(Records begins)

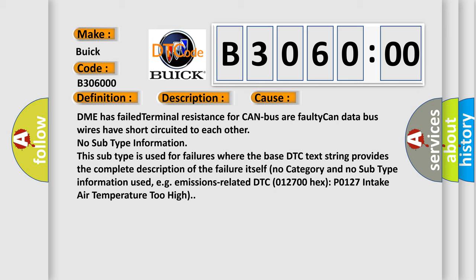No subtype information. This subtype is used for failures where the base DTC text string provides the complete description of the failure itself, no category and no subtype information used. For example, emissions-related DTC 012700HX P0127: intake air temperature too high.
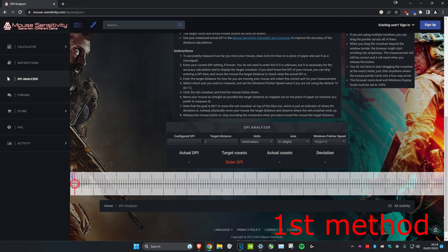I'm going to move my mouse by one inch and it took me to about 416 DPI. We're going to round it, so 416 rounded is 400. I'm basically on 400 DPI.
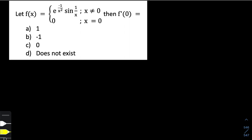Hello everyone, welcome to Syndrome Academy YouTube channel. Today we have another question on differentiability. The question says: let f(x) be a piecewise function — e to the power negative one by x squared, times sine of one by x, when x is not equal to zero, and zero when x equals zero. We have to find the value of the derivative of this function at x equal to zero.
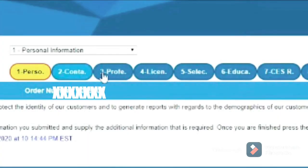Once you are logged in to CGFNS using your password and user ID, you have to complete all the forms. There are nine different sections. You have to provide your personal information, permissions, licensing information, education background, your nursing school background — all of that information you have to provide to CGFNS.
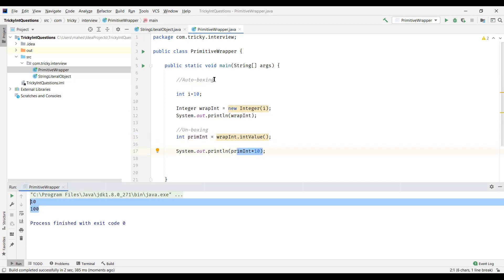In this video we started with defining what a primitive data type is and what a wrapper class object is. Then we saw why we need wrapper classes and the differences between primitive data types and wrapper classes. Finally, we understood what auto boxing and unboxing are. That's all for this video — thanks for watching.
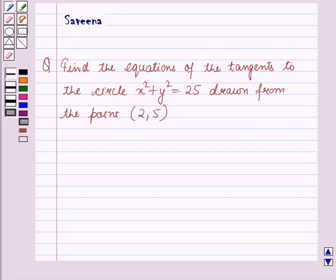Hello and welcome to the session. In this session we will discuss a question which says: find the equations of the tangents to the circle x squared plus y squared is equal to 25, drawn from the point (2, 5).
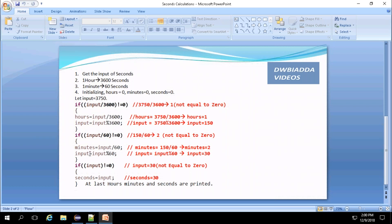Next, input value will also be updated to input modulo 60. So that is 30.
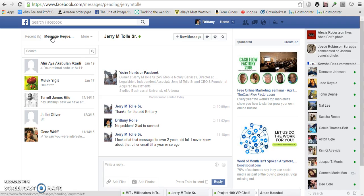You can also look in message requests. Sometimes when people send you a message, it'll give you a message request that you can accept and then see the message that someone has sent you.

(Records ends)

Reproduce the data above word for word, but leave the images out.

» **Exercise output**
No subtype information. This subtype is used for failures where the base DTC text string provides the complete description of the failure itself, no category and no subtype information used. For example, emissions-related DTC 012700HX P0127: intake air temperature too high.
I'm going to move my mouse by one inch and it took me to about 416 DPI. We're going to round it, so 416 rounded is 400. I'm basically on 400 DPI.
Hello everyone, welcome to Syndrome Academy YouTube channel. Today we have another question on differentiability. The question says: let f(x) be a piecewise function — e to the power negative one by x squared, times sine of one by x, when x is not equal to zero, and zero when x equals zero. We have to find the value of the derivative of this function at x equal to zero.
Once you are logged in to CGFNS using your password and user ID, you have to complete all the forms. There are nine different sections. You have to provide your personal information, permissions, licensing information, education background, your nursing school background — all of that information you have to provide to CGFNS.
In this video we started with defining what a primitive data type is and what a wrapper class object is. Then we saw why we need wrapper classes and the differences between primitive data types and wrapper classes. Finally, we understood what auto boxing and unboxing are. That's all for this video — thanks for watching.
Hello and welcome to the session. In this session we will discuss a question which says: find the equations of the tangents to the circle x squared plus y squared is equal to 25, drawn from the point (2, 5).
Next, input value will also be updated to input modulo 60. So that is 30.
You can also look in message requests. Sometimes when people send you a message, it'll give you a message request that you can accept and then see the message that someone has sent you.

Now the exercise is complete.